Records for processing:
Content starts
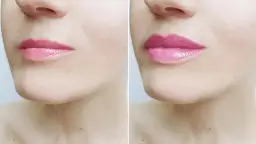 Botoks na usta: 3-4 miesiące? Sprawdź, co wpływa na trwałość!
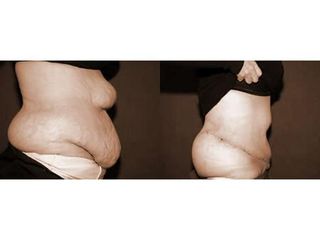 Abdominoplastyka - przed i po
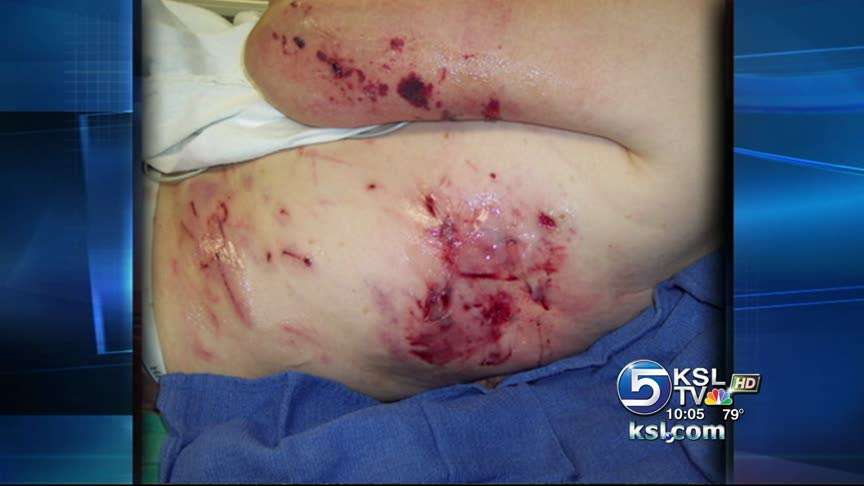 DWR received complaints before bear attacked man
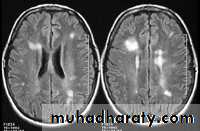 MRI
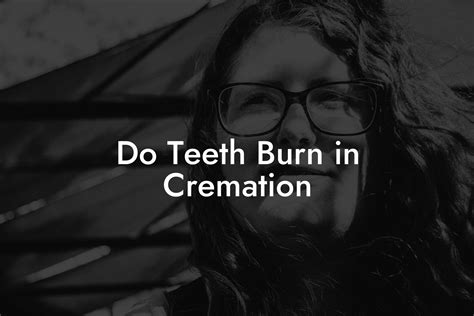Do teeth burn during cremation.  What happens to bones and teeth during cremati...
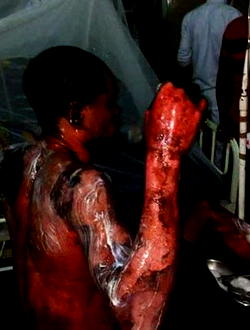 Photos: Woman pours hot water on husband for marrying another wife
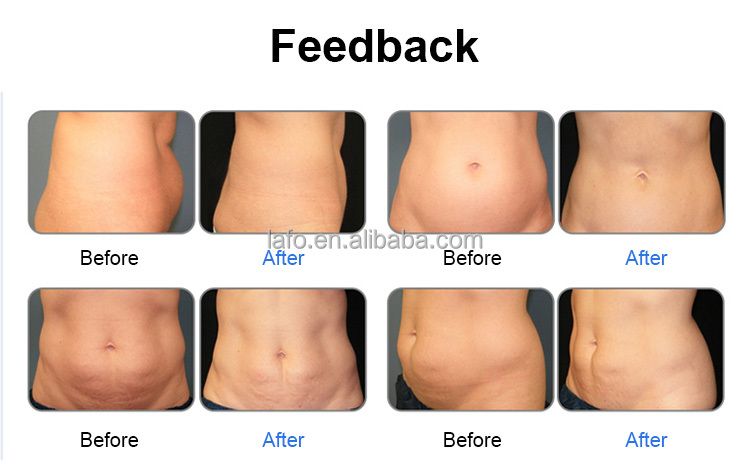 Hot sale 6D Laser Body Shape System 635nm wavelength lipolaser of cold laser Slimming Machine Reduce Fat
Content ends
Output exactly the lines above, beginning at the one with "DWR received complaints" and stopping after the one with "Photos: Woman pours". Pictures are to be omitted.

 DWR received complaints before bear attacked man
 MRI
Do teeth burn during cremation.  What happens to bones and teeth during cremati...
 Photos: Woman pours hot water on husband for marrying another wife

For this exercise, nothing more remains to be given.